The good providence of God now gave Whitefield a colleague in the ministry at the Tabernacle and Tottenham Court-road chapel, the Rev. Torial Joss. This gentleman had spent many years as captain at sea; converted by divine grace, and filled with holy zeal, he devoted his popular talents to the welfare of his fellow-men, preaching both on sea and land. In a remarkable manner, Mr. Whitefield became acquainted with him, and, without his knowledge, published that he would preach in his houses of worship, which, though with extreme reluctance, Joss did. These services were often renewed, and Whitefield gave him no rest till he abandoned the sea, and devoted himself to the ministry. Everywhere he was popular, and everywhere useful. He continued minister of the two places in London—spending four or five months in each year travelling and preaching—for twenty-seven years after the death of his friend, and then departed from earth, in 1797, in holy triumph, in the 66th year of his age.

One of the most extraordinary men in modern times was the late Rev. Rowland Hill, who erected Surrey chapel, London, and continued to preach in it till his death, in his eighty-ninth year, in 1833. He was eminently dignified in person, possessed extraordinary zeal, and was honored by his great Master with probably more success in the direct work of saving souls than any other minister of his day. He was a man of considerable rank, his father being a gentleman of title, one of his brothers a member of Parliament for many years, representing his native county, and the late eminent statesman and soldier Lord Hill was his nephew. Mr. Hill himself in early life became a Christian, and was educated for the ministry in the established church, but violated its rules, and preached wherever he could; for many years he was greatly persecuted by his own family, some of whom, however, in the end sustained the yoke of Christ. When Rowland began his somewhat erratic career, the opposition from his father was so great, that he was reduced sometimes to extreme poverty; and he was exactly the man to be encouraged by such men as Whitefield and Berridge.

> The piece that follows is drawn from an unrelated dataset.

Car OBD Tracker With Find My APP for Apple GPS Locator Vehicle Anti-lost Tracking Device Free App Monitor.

We give a few extracts from letters addressed to him by Whitefield, which certainly show no small degree of ardor, though we cannot see in them what Hill's clerical biographer, Mr. Sidney, professed to find, "an aspiration after the honors, when he had no prospect of the sufferings of martyrdom." The fact was, that Mr. Sidney was offended with Whitefield, as he was with his venerable uncle, Mr. Hill, for having deviated from the rigid laws of the establishment. It is only needful to introduce the first letter by saying that it was dated, London, December 27, 1766, and was sent in answer to one in which Mr. Hill had asked his counsel.

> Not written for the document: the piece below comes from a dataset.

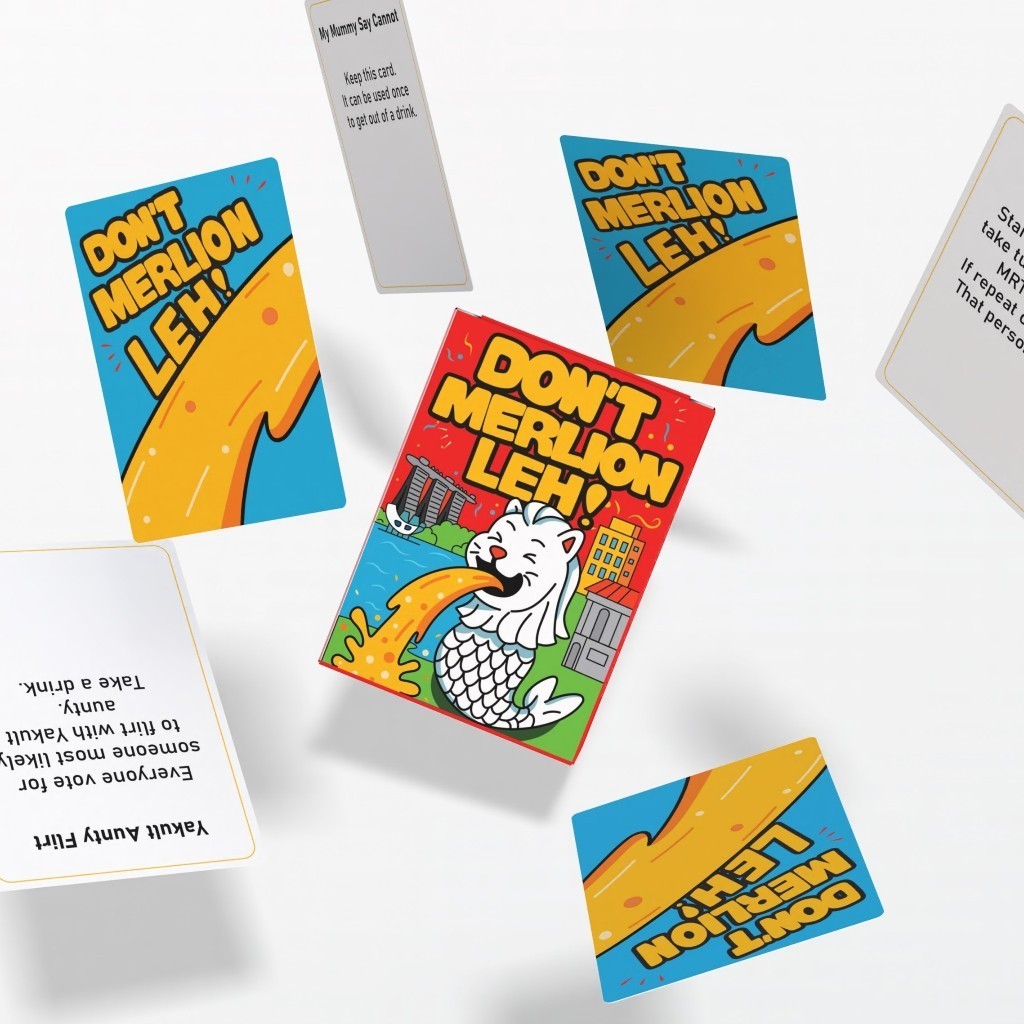 Colorful game cards with 'Don't Merlion Leh!' text and graphics on a white background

"About thirty-four years ago, the master of Pembroke college, where I was educated, took me to task for visiting the sick and going to the prisons. In my haste I said, 'Sir, if it displeaseth you I will go no more.' My heart smote me immediately; I repented, and went again; he heard of it—threatened—but for fear he should be looked on as a persecutor, let me alone. The hearts of all are in the Redeemer's hands. I would not have you give way; no, not for a moment. The storm is too great to hold long. Visiting the sick and imprisoned, and instructing the ignorant, are the very vitals of true and undefiled religion. If threatened, denied degree, or expelled for this, it will be the best degree you can take—a glorious preparative for, and a blessed presage of future usefulness. I have seen the dreadful consequences of giving way and looking back. How many by this wretched cowardice, and fear of the cross, have been turned into pillars, not of useful, but of useless salt. Now is your time to prove the strength of Jesus yours. If opposition did not so much abound, your consolations would not so abound. Blind as he is, Satan sees some great good coming on. We never prospered so much at Oxford as when we were hissed at and reproached as we walked along the streets, as being counted the dung and offscouring of all things. That is a poor building which a little stinking breath of Satan's vassals can throw down. Your house, I trust, is better founded. Is it not built upon a rock? Is not that rock the blessed Jesus? The gates of hell, therefore, shall not be able to prevail against it. Go on, therefore, my dear man, go on. Old Berridge, I believe, would give you the same advice; you are honored in sharing his reproach and name. God be praised that you are enabled to bless when others blaspheme. God bless and direct and support you. He will, he will. Good Lady Huntingdon is in town; she will rejoice to hear that you are under the cross. You will not want her prayers, or the poor prayers of, my dear honest young friend, yours, in an all-conquering Jesus."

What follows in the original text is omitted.